Other notorious sites blocked under Education:
- merriam-webster.com
- loc.gov (Library of Congress)
- unf.edu (University of Florida)
- oceanservice.noaa.gov
- duckduckgo.com
New question, why is duckduckgo in the education category? Are all search engines?
I suppose it's most likely some parents heard a kid was "slacking off looking at pretty pictures" and complained...
"The moon landing was a hoax" , "we shouldn't be funding people to stare out into space", "What has NASA ever done for us", and other favorite GOP tunes.
Aside from the "moon landing was a hoax", I've seen democrats express similar sentiments about NASA. At least until I point out that a lot of our modern technology is based on stuff either developed directly by NASA or for NASA by a government contractor. That and the fact that NASA is one of the most, if not the most, profitable US agencies. Like, iirc NASA provides a 6x return for every dollar spent on them. As such, I find it really strange that the US is determined to keep NASA's funding at a minimum when we could be using them to generate a lot of money for the economy.

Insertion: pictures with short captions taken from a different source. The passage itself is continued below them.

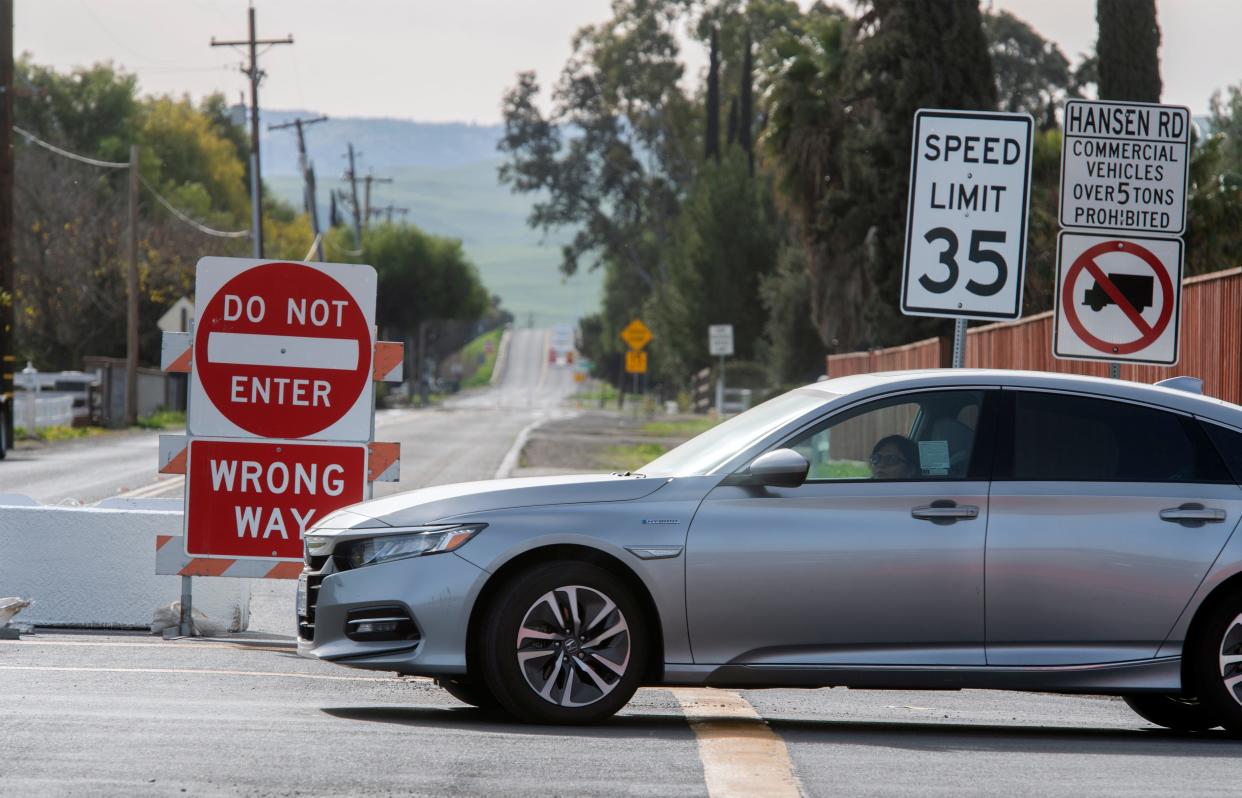 Signs and barriers marking lane closures put up by the San Joaquin County Department of Public Works block southbound traffic on Hansen Road at Von Sosten Road in rural Tracy. Area residents have complained about semitruck traffic on the road.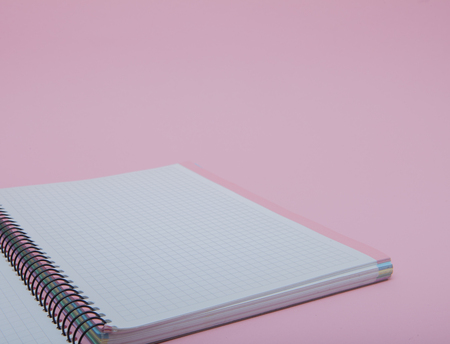 Notebook on pink background, lifestyle concept, top viewの写真素材
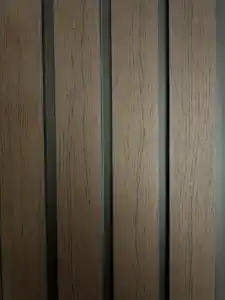 PVC walnut black fluted wall panel with modern decorative design for interior and commercial spaces.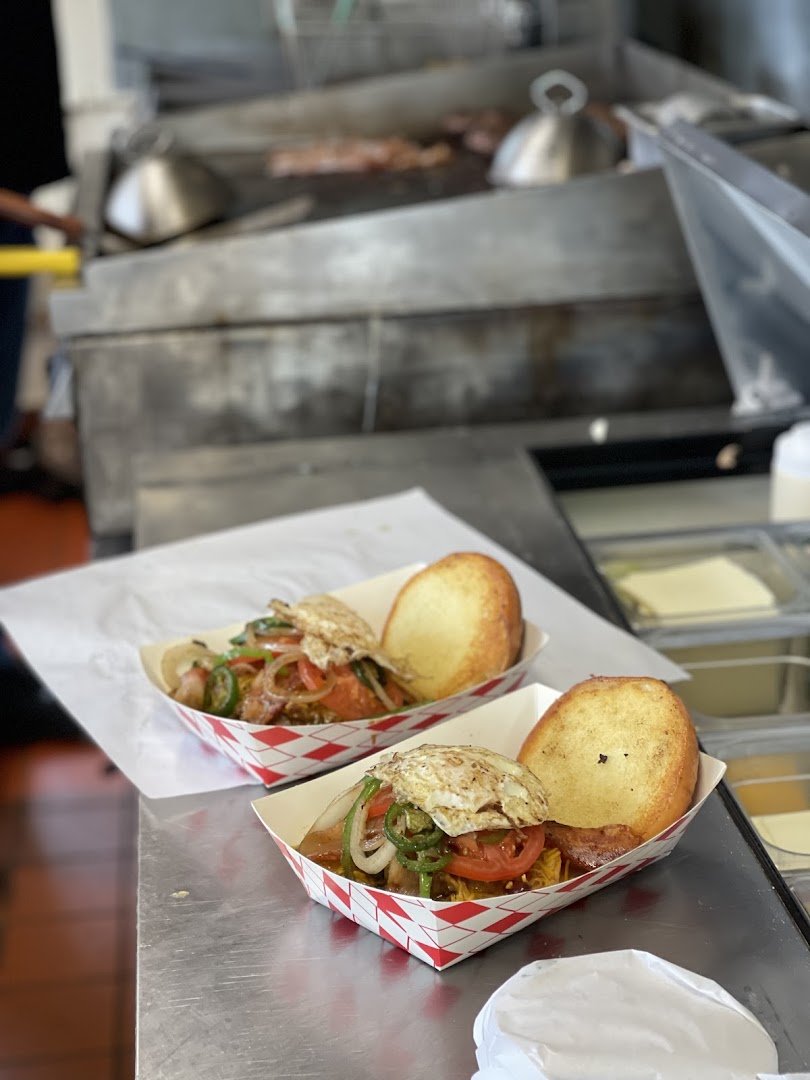 Burgers and fries served in a relaxed setting.
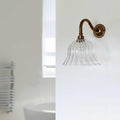 Bodium Small Ribbed Glass Shade Bathroom Wall Light with bronze fixture and elegant hand-blown ribbed glass shade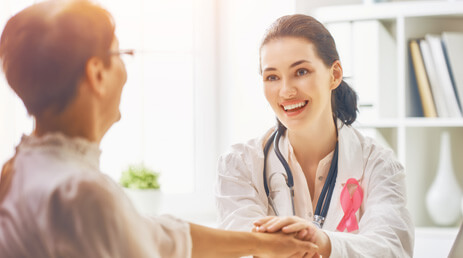 Stock image of doctor convincing her patient for getting diagnostic mammography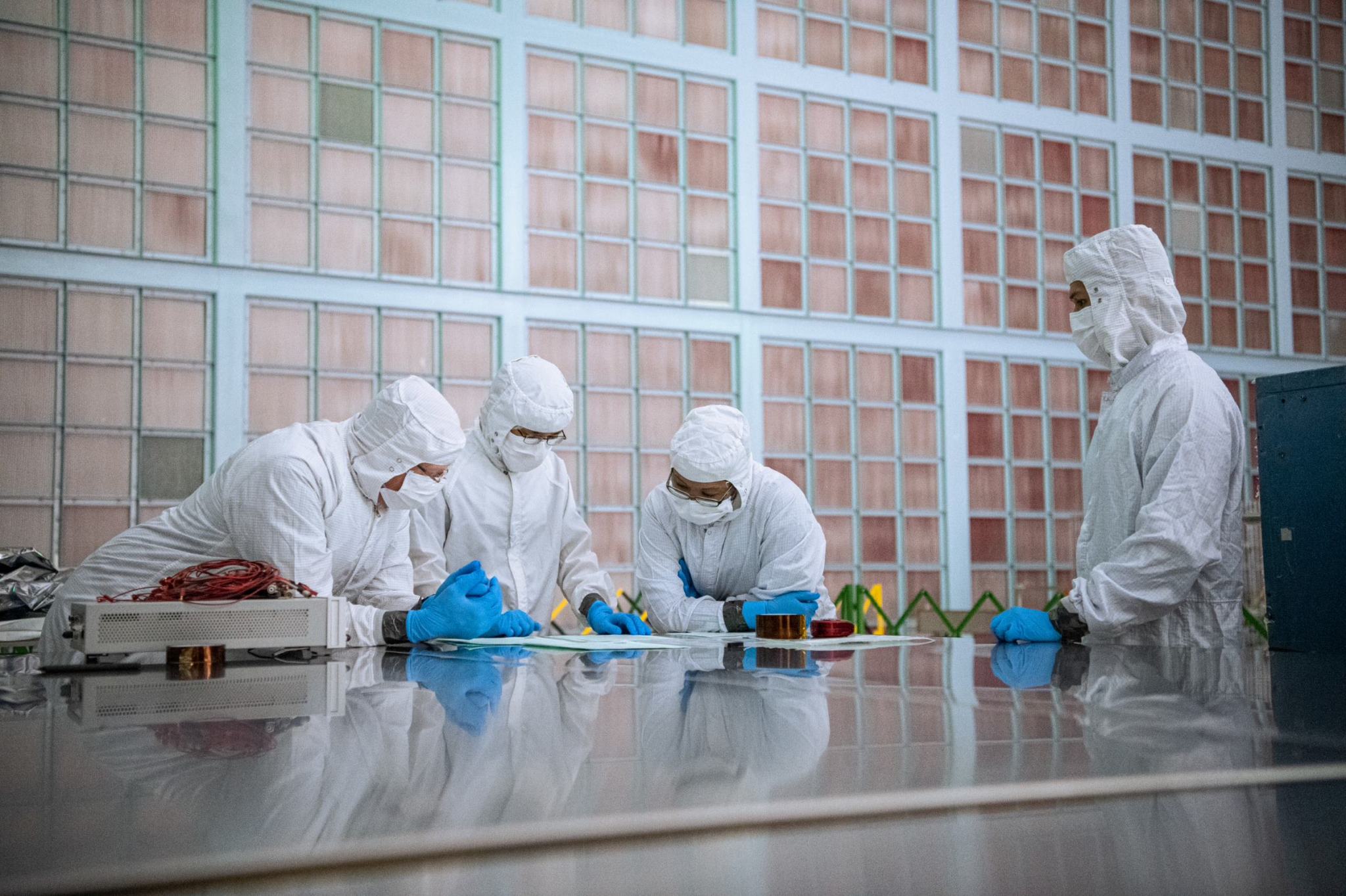 Mark Walter, David Kim, Melyane Ortiz-acosta, and Ariel Obaldo discuss plans for testing the PACE flight Solar Array Panels. n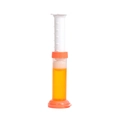 Orange scented toilet cleaning gel tube with transparent syringe applicator for freshness - Fragrans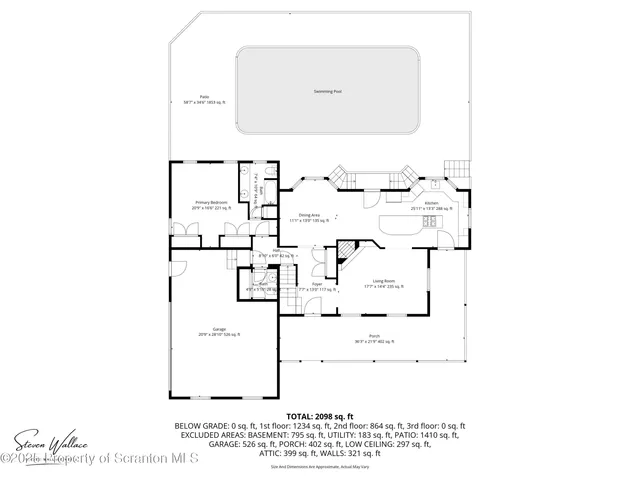 a kitchen with stainless steel appliances kitchen island granite countertop a sink a stove and a window
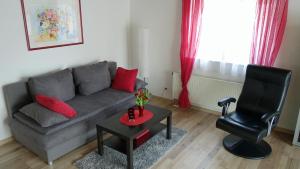 a living room with a gray couch and a black chair at Ferienwohnung Allgäuleben 68m2 in Amberg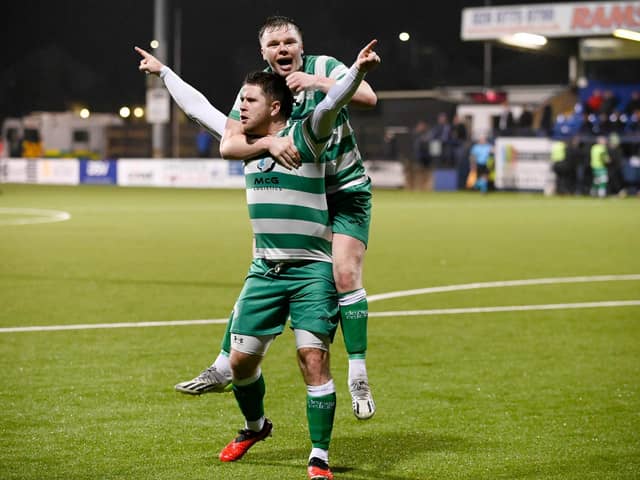 Neil Barr and Jack O'Doherty celebrate Barr's decisive second half goal against Lincoln Courts during Cleary Celtic's 2-0 Junior Cup semi-final victory at Stangmore Park.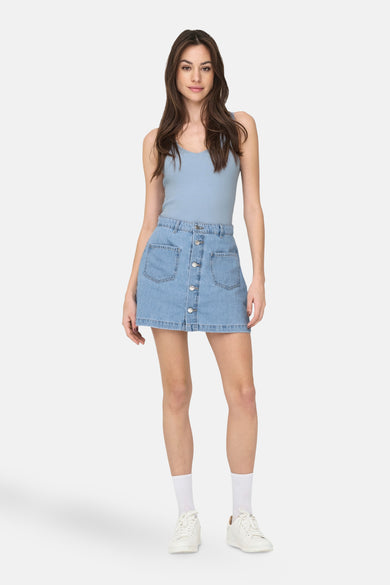 Maillot bleu de JDY, associé à une jupe en denim et des baskets blanches avec des chaussettes.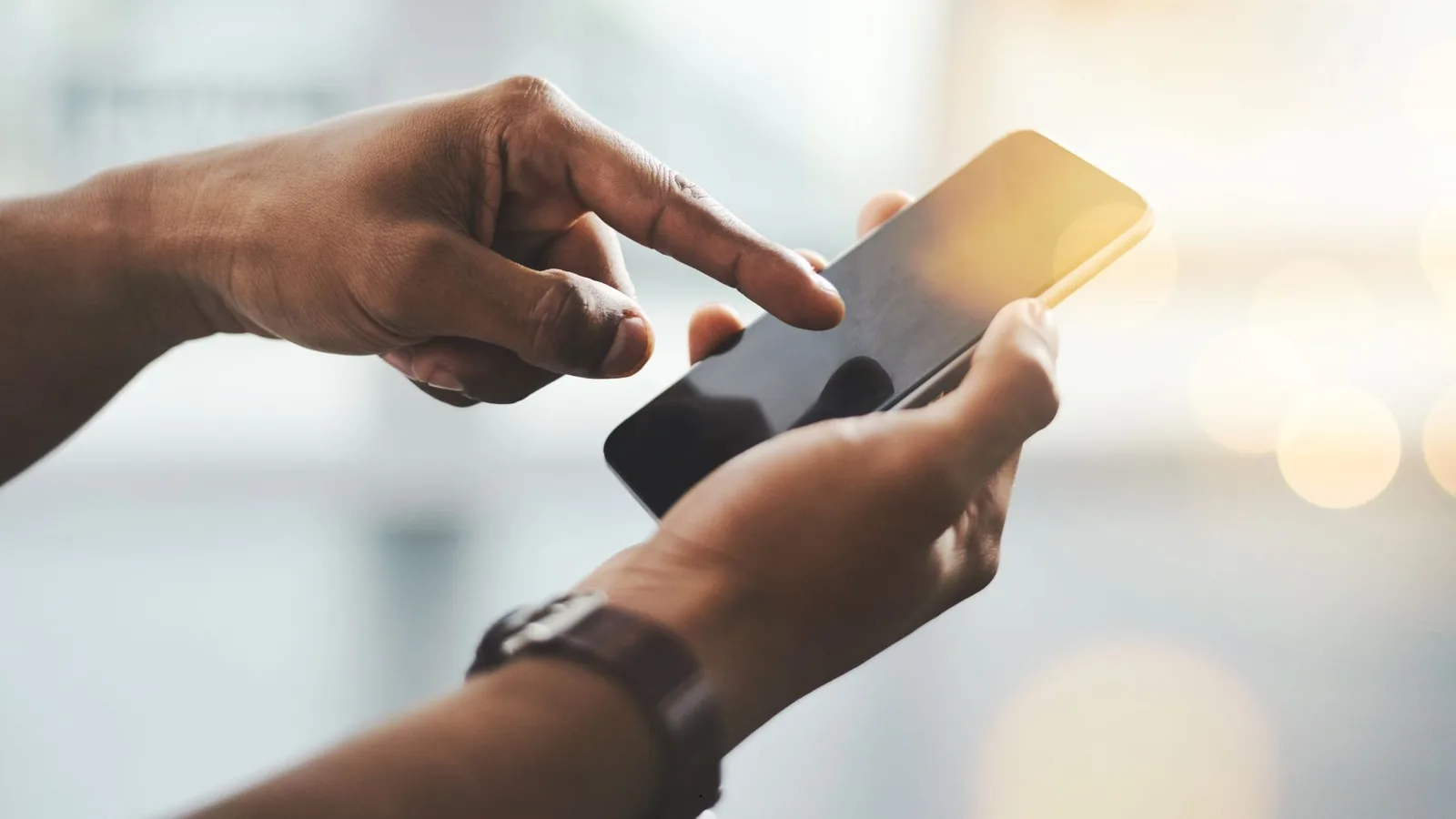 Hands using a mobile phone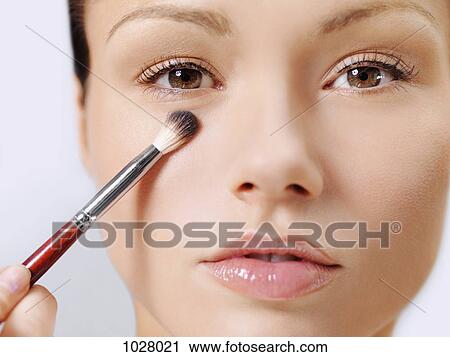 A woman applying make-up using a make-up brush View Large Photo Image Stock Image - A woman applying make-up using a make-up brush. Fotosearch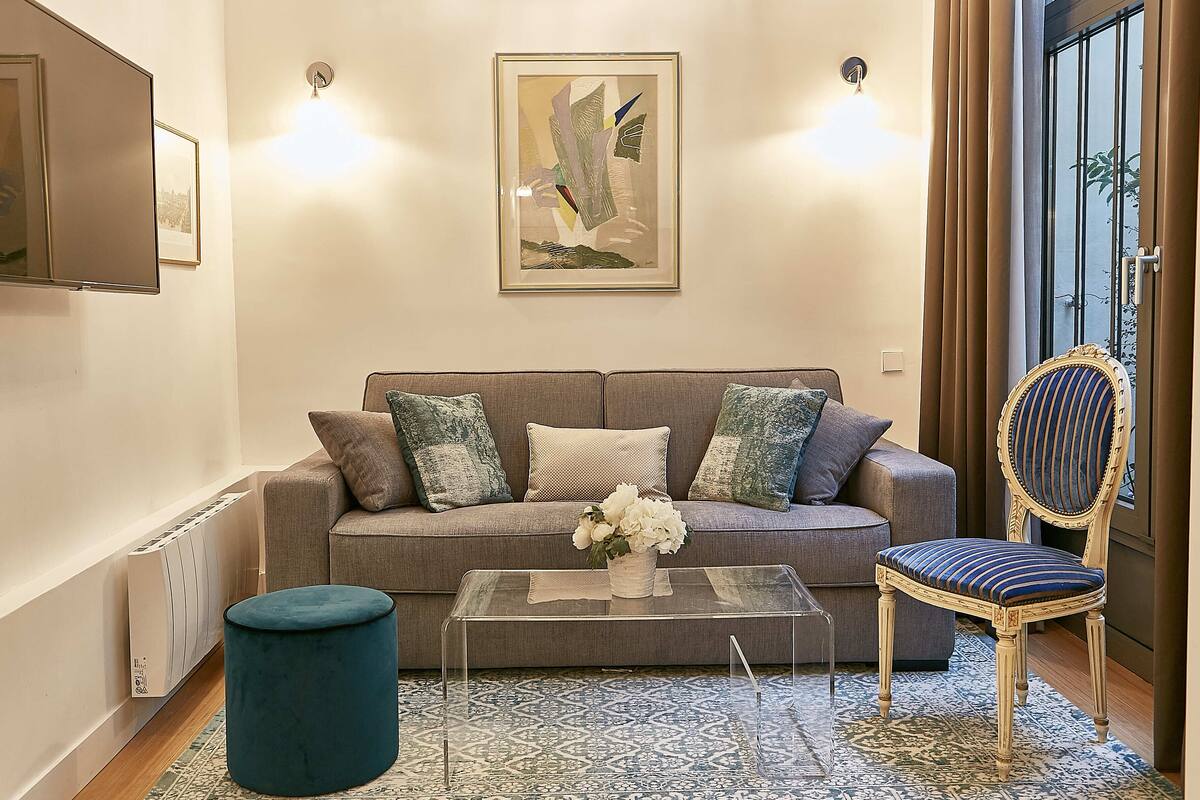 A living room with a grey sofa, a clear coffee table, a blue ottoman, a decorative chair, and a framed artwork on the wall.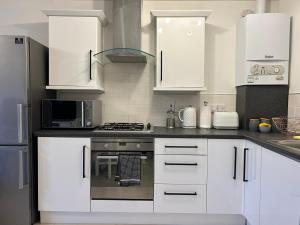 a kitchen with white cabinets and a stove top oven at Lovely Serviced Apartment, Free Parking, Oxford in Oxford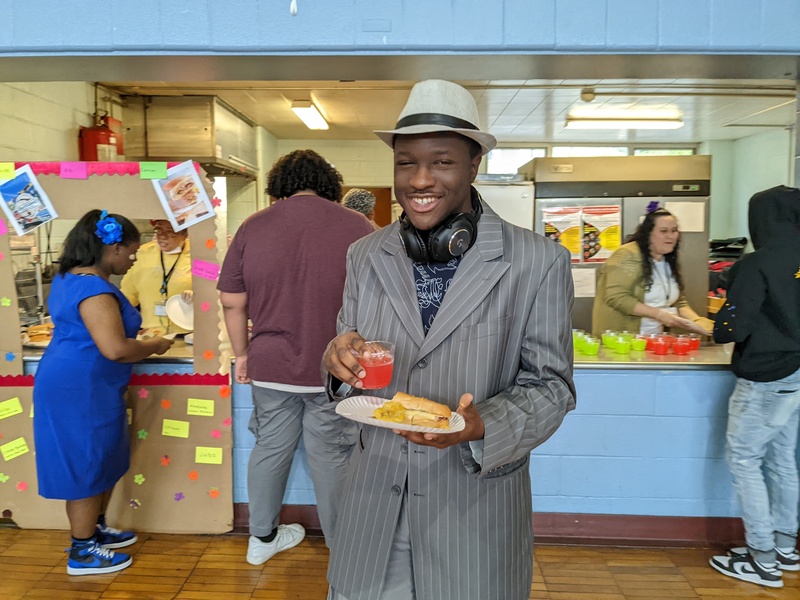 a student dressed in a suit and tie holds a plate of food and smiles with the kitchen in the background serving students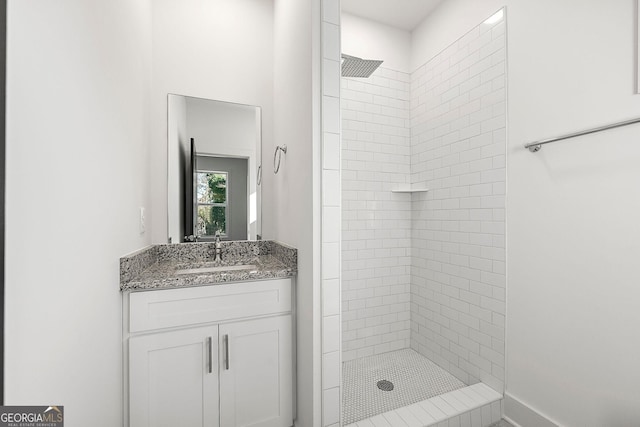 bathroom featuring vanity and tiled shower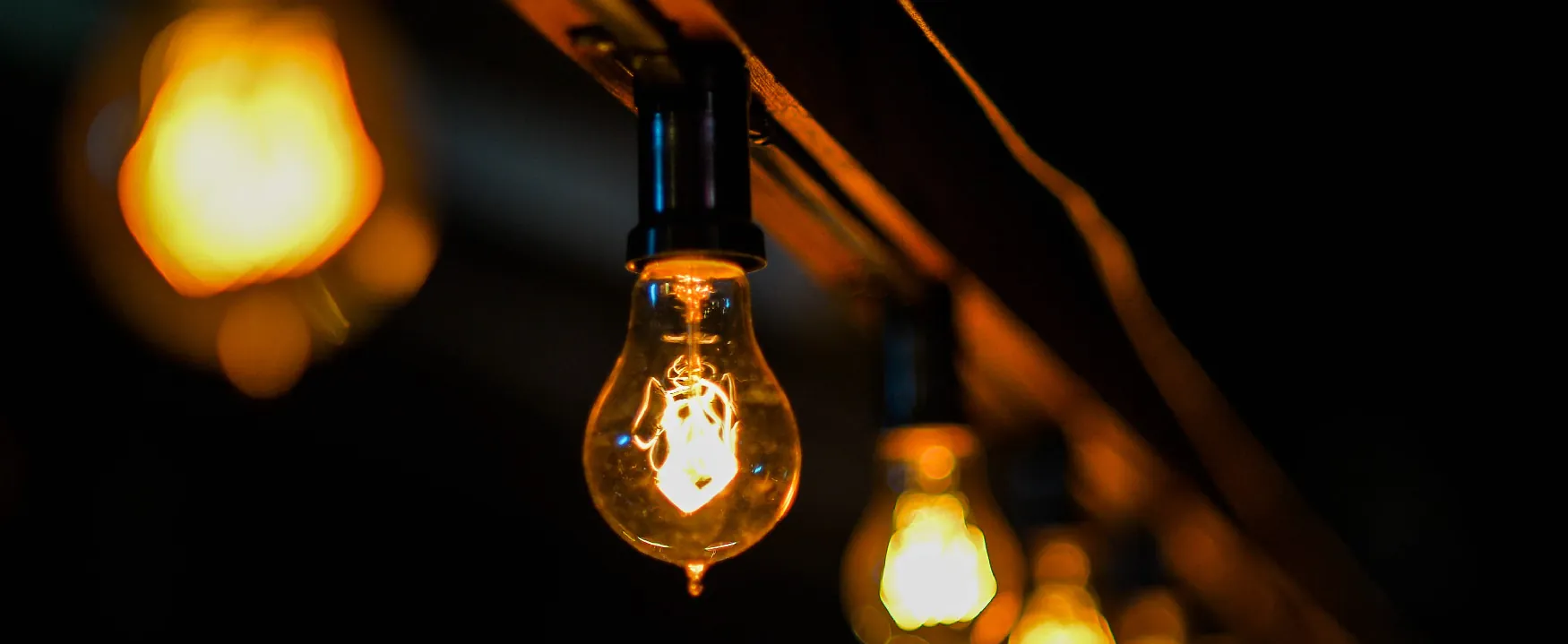 Close-up of a lit Edison bulb, part of a string of warm lights, providing a soft, ambient glow in the dark.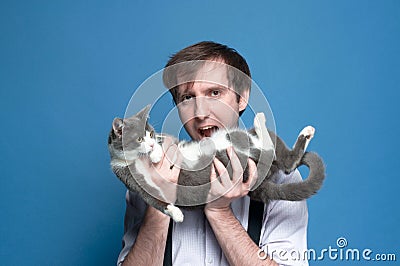 ooling around man holding cute gray and white cat on back and showing as if about going eat cat Stock Photo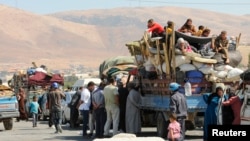 Syrian refugees, fleeing the recent fighting in Arsal, wait by trucks in the Bekaa valley, near the Lebanese border with Syria.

I work in K12 IT, and the reason is that all manner of categories are defined for both blacklisting and whitelisting when creating content filter rules. So while “education” would not be used for blocking, it would be useful for rules to apply to specific defined groups or devices which can only access specific categories (such as education). Just FYI.
All sites are categorized. Which categories are blocked is up to the administrator.
Sure. The question was more "why would education be a category chosen for blocking by a school administrator?"
Categories such as “education” are useful for limiting access for specific groups of devices. For example, if one class has a particularly mischievous group who keep going off task from their devices, rules can be created to whitelist certain categories, and only pass traffic that are in these more straightforward categories. Just FYI.
I didn't think I needed "protection" from anything on the Internet at all when I was a minor.
My stance has not changed merely because I am no longer personally affected. I still think that it is completely stupid to want to keep any information at all from young people in the first place.